Search code examples
pythonflaskgoogle-drive-apiresponseyield

Yield google's MediaIoBaseDownload inside Flask Response


I coded a small Flask app to download files from Google Drive.

@app.route("/downloadFile/<id>")
def downloadFile(id):
    ioBytes, name, mime = gdrive.downloadFile(id)
    return send_file(ioBytes, mime, True, name)

I used the download method from the example here, with small changes

def downloadFile(self, file_id):
        file = self.drive.files().get(fileId=file_id).execute()
        request = self.drive.files().get_media(fileId=file_id)
        fh = io.BytesIO()
        downloader = MediaIoBaseDownload(fh, request)
        done = False
        while done is False:
            status, done = downloader.next_chunk()
            print("Downloading {} - {}%".format(file.get('name'), int(status.progress() * 100)))
        fh.seek(0)
        return (fh, file.get('name'), file.get('mimeType'))

It worked as expected and downloaded the file to my computer.

Now, I want to deploy this Flask app to Heroku. My problem is with the HTTP timeouts, as stated here:

HTTP requests have an initial 30 second window in which the web process must return response data

As some of my files might take more than 30 seconds to download, this ends up being a big problem.

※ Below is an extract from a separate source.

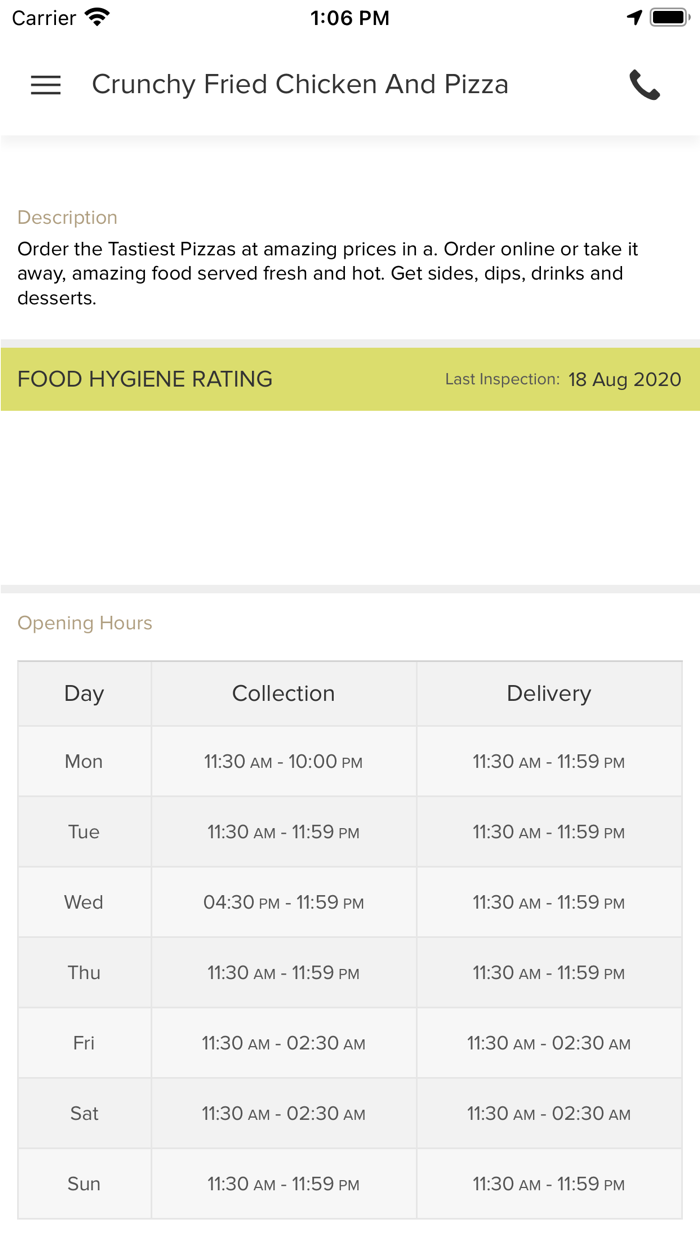 Crunchy Fried Chicken  Pizza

I've tried to use the Response class and the yield statement to keep sending empty bytes until I have downloaded and sent the file with the below function:

def sendUntilEndOfRequest(func, args=()):
    def thread():
        with app.app_context(), app.test_request_context():
            return func(*args)
    
    with concurrent.futures.ThreadPoolExecutor() as executor:
        ret = ""
        def exec():
            while ret == "":
                yield ""
                time.sleep(1)
            yield ret
        future = executor.submit(thread)
        def getValue():
            nonlocal ret
            ret = future.result()
        threading.Thread(target=getValue).start()
        return Response(stream_with_context(exec()))

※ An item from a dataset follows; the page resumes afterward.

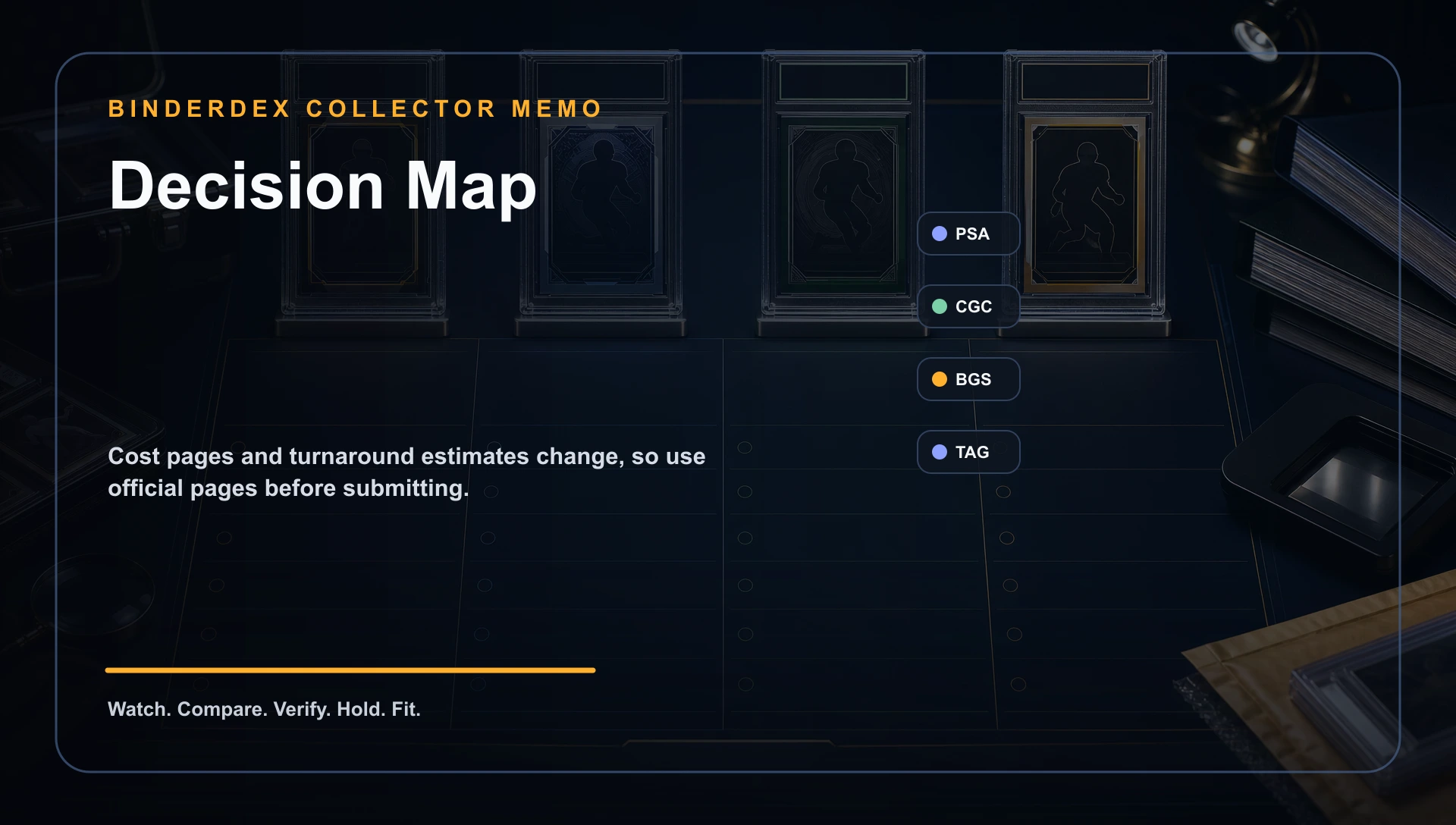 PSA CGC BGS TAG decision matrix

I tried to make it somewhat generic so that if I have any other function that take more than 30 seconds to execute, I can use it.

Now, my download code is

@app.route("/downloadFile/<id>")
def downloadFile(id):
    def downloadAndSendFile():
        ioBytes, name, mime = gdrive.downloadFile(id)
        return send_file(ioBytes, mime, True, name)
    return sendUntilEndOfRequest(downloadAndSendFile)

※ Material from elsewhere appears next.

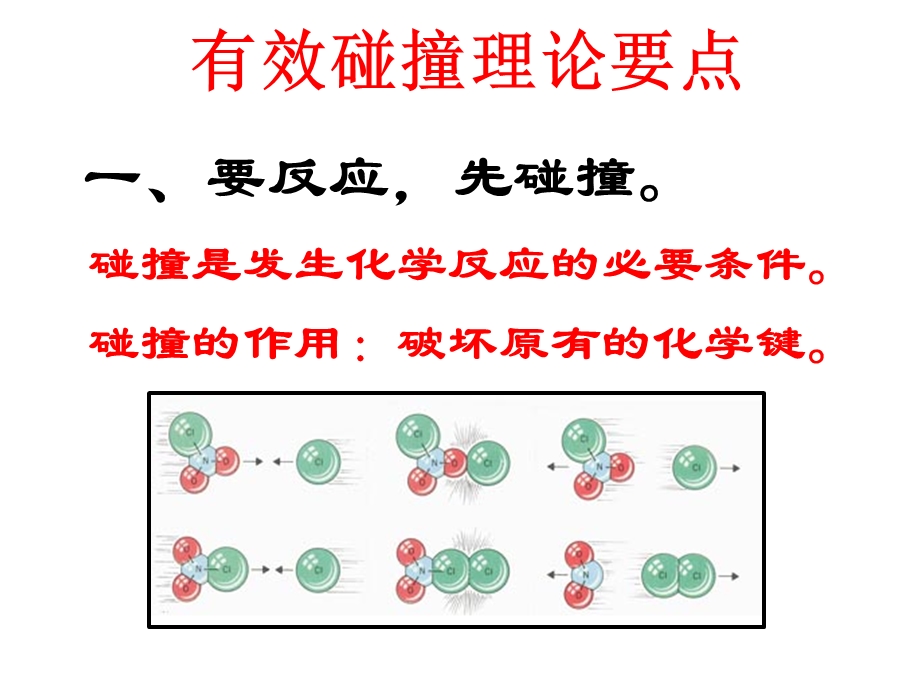 《有效碰撞理论》PPT课件.ppt_第2页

But everytime I try to run this code, it gives this error:

127.0.0.1 - - [15/Jan/2020 20:38:06] "[37mGET /downloadFile/1heeoEBZrhW0crgDSLbhLpcyMfvXqSmqi HTTP/1.1[0m" 200 -
Error on request:
Traceback (most recent call last):
  File "C:\Users\fsvic\AppData\Local\Programs\Python\Python37\lib\site-packages\werkzeug\serving.py", line 303, in run_wsgi
    execute(self.server.app)
  File "C:\Users\fsvic\AppData\Local\Programs\Python\Python37\lib\site-packages\werkzeug\serving.py", line 294, in execute
    write(data)
  File "C:\Users\fsvic\AppData\Local\Programs\Python\Python37\lib\site-packages\werkzeug\serving.py", line 274, in write
    assert isinstance(data, bytes), "applications must write bytes"
AssertionError: applications must write bytes

Apparently, the file downloads correctly. I tested replacing the send_file with the render_template command to check if yielding flask objects is possible and it worked perfectly. I also tested returning strings and it worked as well.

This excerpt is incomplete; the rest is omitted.